**ACTIVITY:**
Every line from the one bearing "Shallow beach with idyllic scene" through the last line of the records below is to be output exactly, and no other line; leave out the pictures.

Image-caption web data:
____

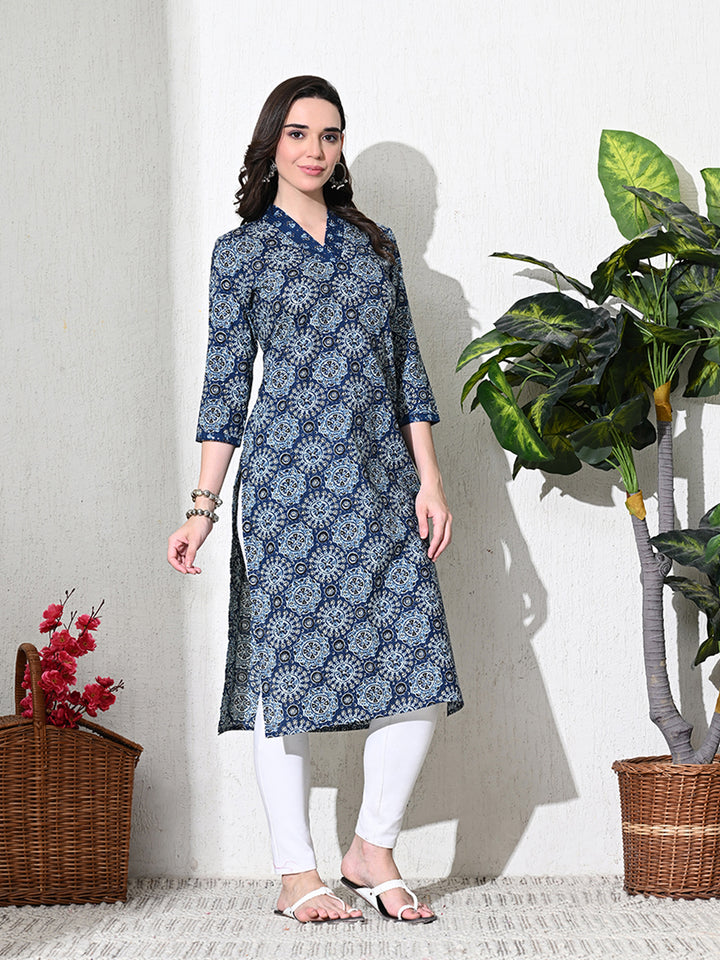 Deep Blue Ajhrak Print Cotton Kurta
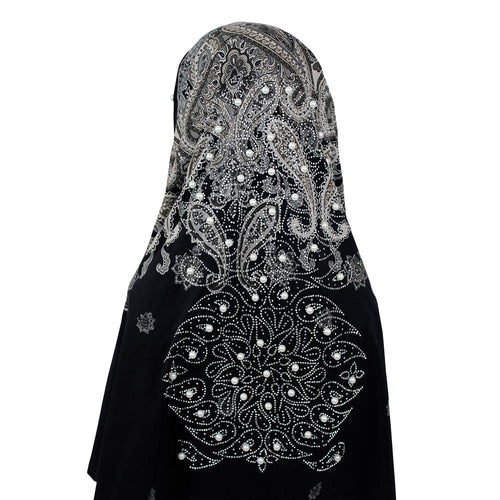 Black and Silver Paisley Khimar with Pearl and Stone Work, Khimar-004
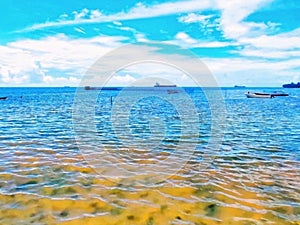 Shallow beach with idyllic scene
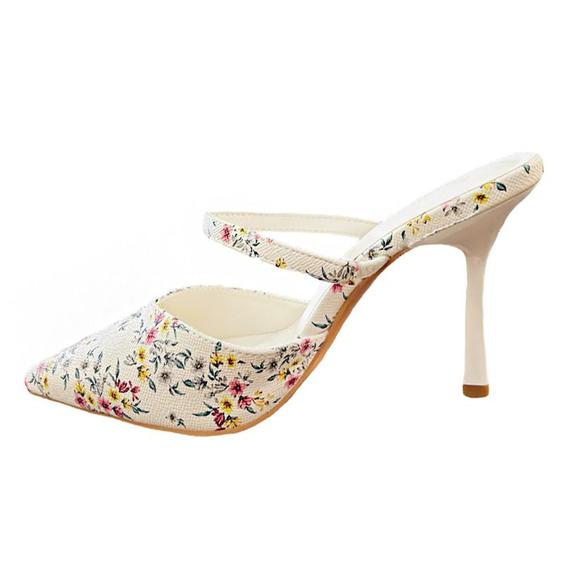 کفش زنانه مکس مدل Floral Print Slip-On Mules with Stiletto Heels|دیجی کالا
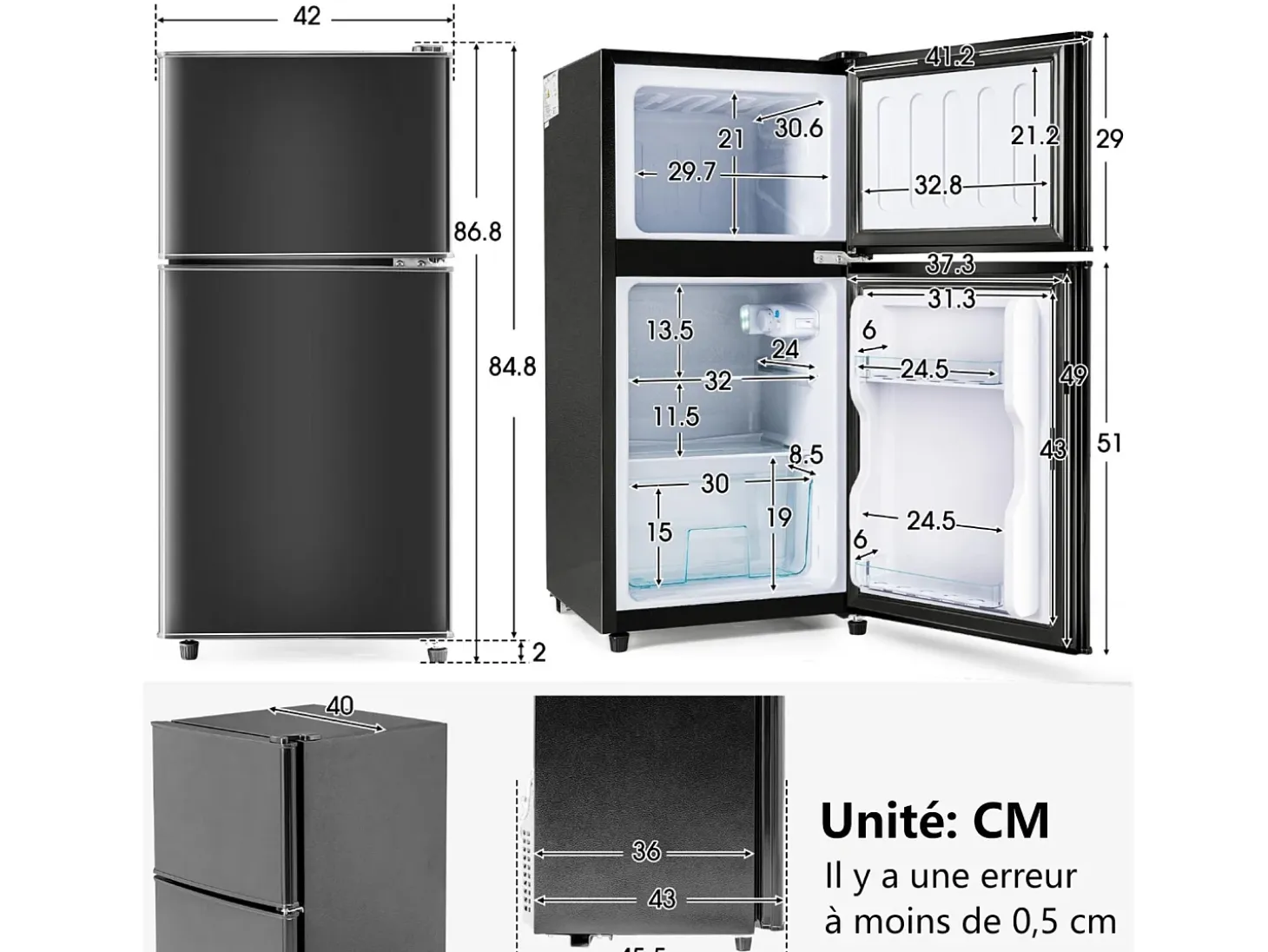 Refrigerador 22L+38L con LED, pies ajustables, 172 kWh/año, -27 ° C a 13 ° C, 7 nivel de temperatura, Energía E, 42x45.5x86.8 cm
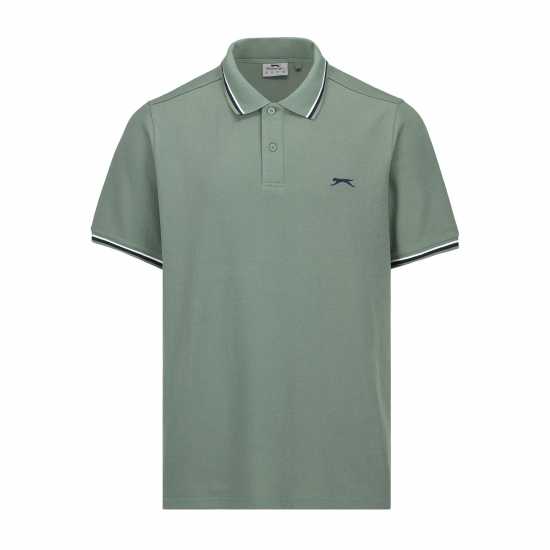 Slazenger Мъжка Блуза С Яка Tipped Polo Shirt Mens Green Мъжко облекло за едри хора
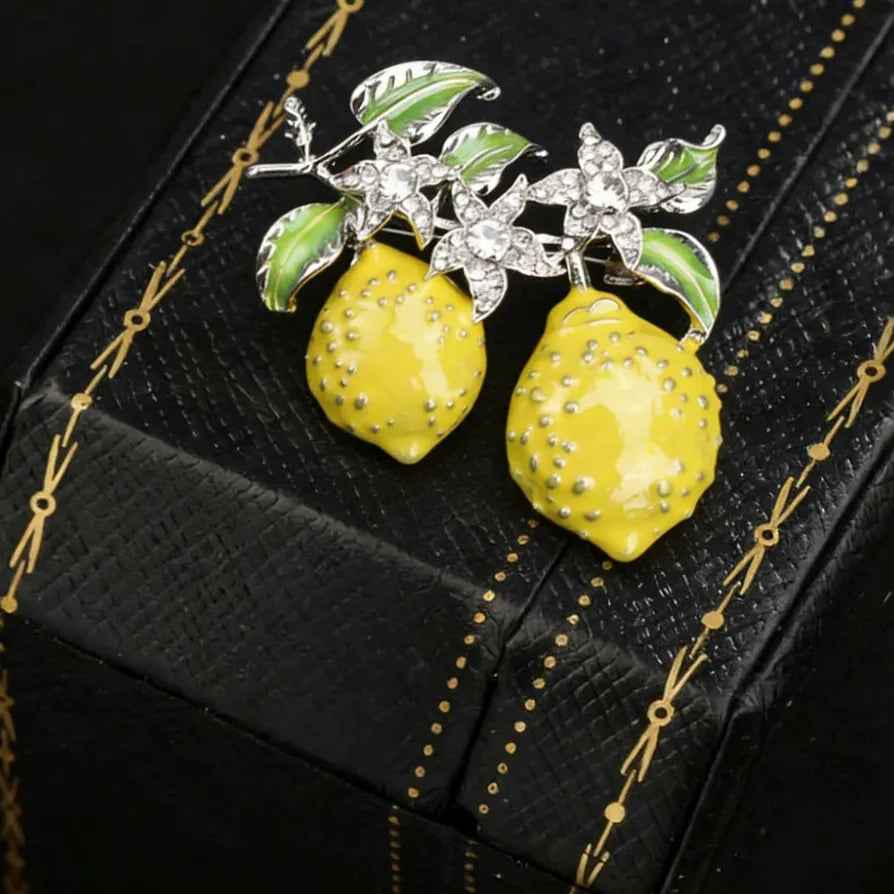 Luxury Lemon Fruit Classic Brooch for Men and Women Stylish Accessory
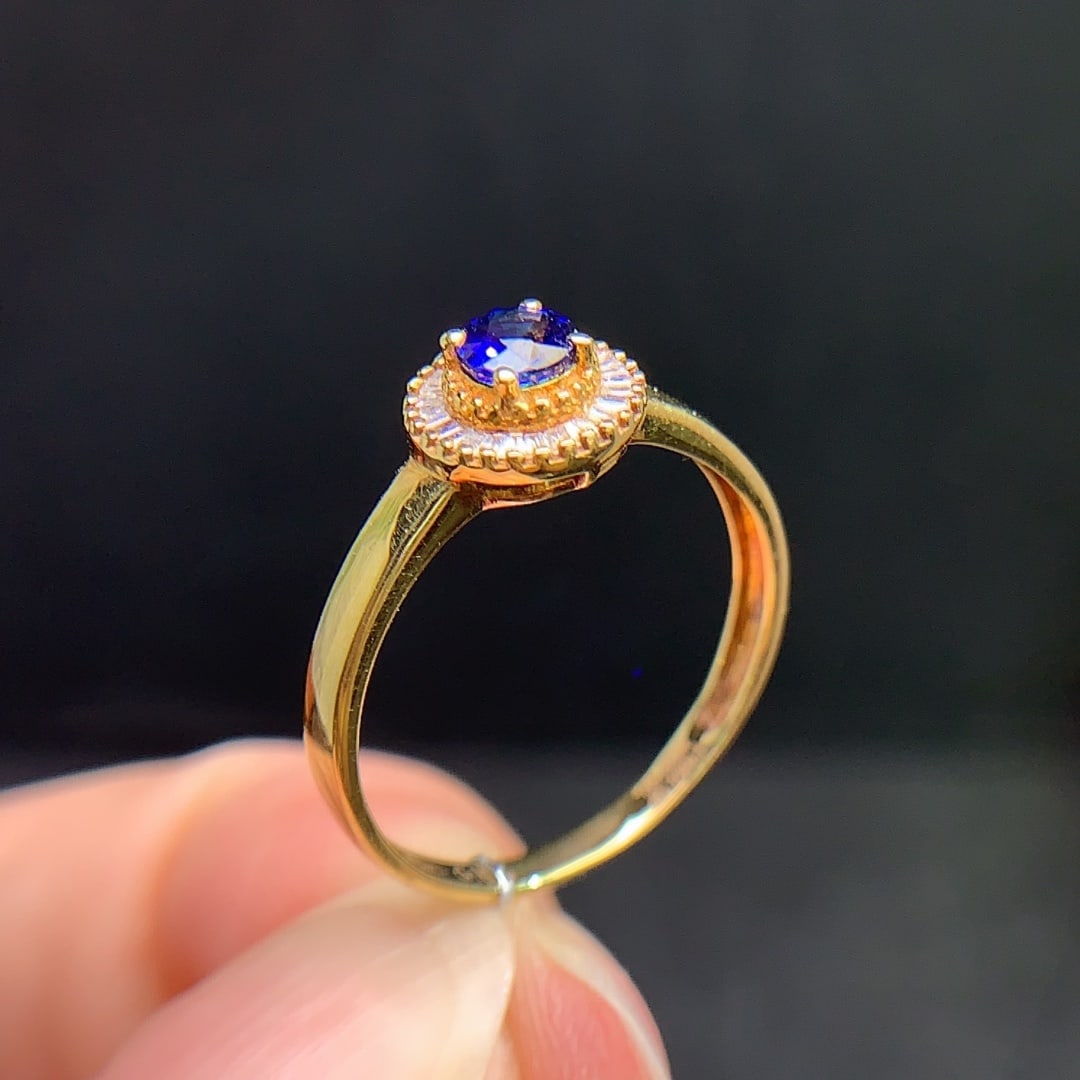 18K Gold Natural Sapphire Ring - 5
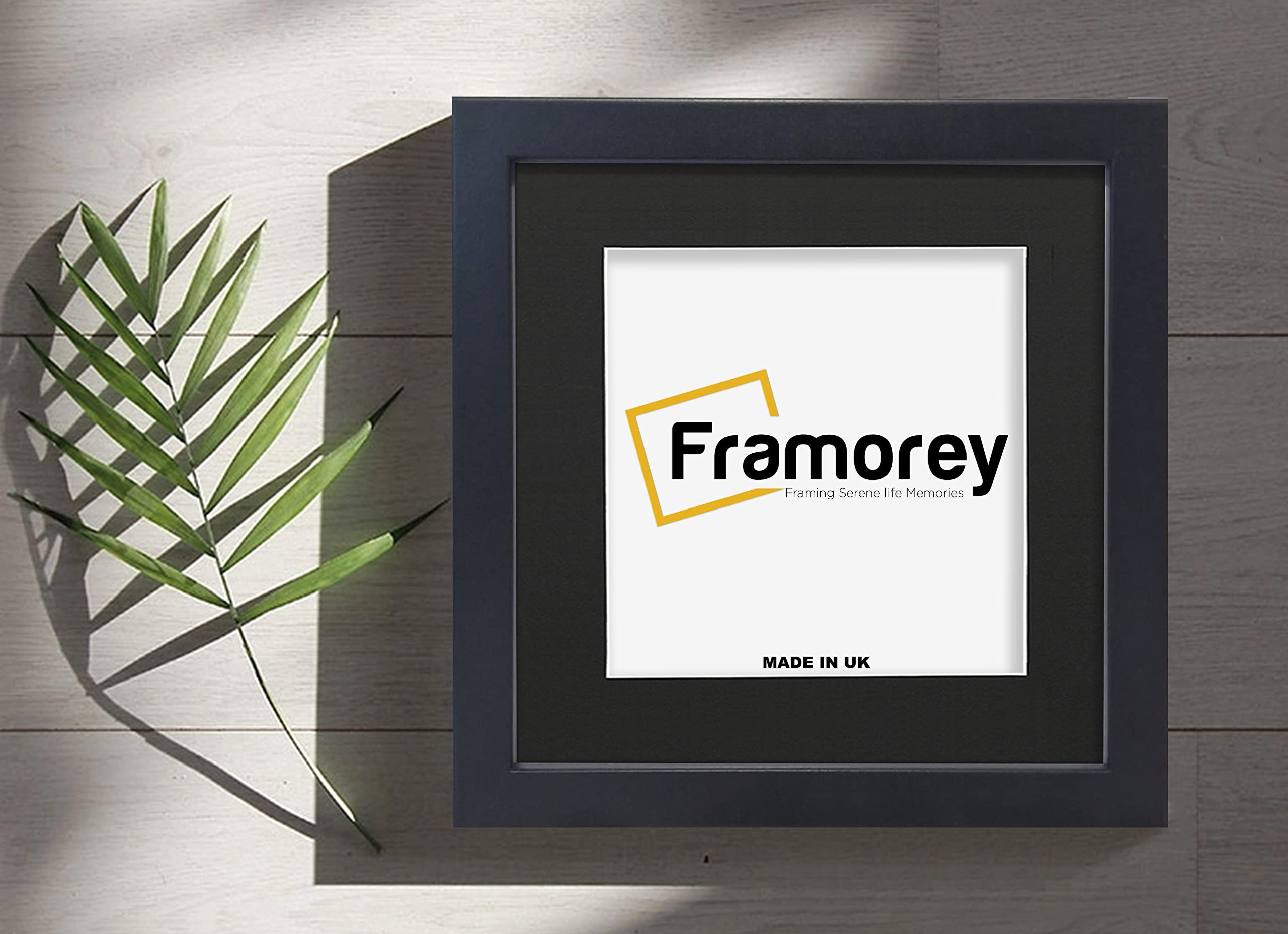 FRAMOREY Square Size Box Molding 11x11" Black Picture Frame, Poster Frame, With 9x9" Black Mount, Deep Box Solid Wood Frame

____

**RESPONSE TO THE EXERCISE:**
 Shallow beach with idyllic scene
 کفش زنانه مکس مدل Floral Print Slip-On Mules with Stiletto Heels|دیجی کالا
 Refrigerador 22L+38L con LED, pies ajustables, 172 kWh/año, -27 ° C a 13 ° C, 7 nivel de temperatura, Energía E, 42x45.5x86.8 cm
 Slazenger Мъжка Блуза С Яка Tipped Polo Shirt Mens Green Мъжко облекло за едри хора
 Luxury Lemon Fruit Classic Brooch for Men and Women Stylish Accessory
 18K Gold Natural Sapphire Ring - 5
 FRAMOREY Square Size Box Molding 11x11" Black Picture Frame, Poster Frame, With 9x9" Black Mount, Deep Box Solid Wood Frame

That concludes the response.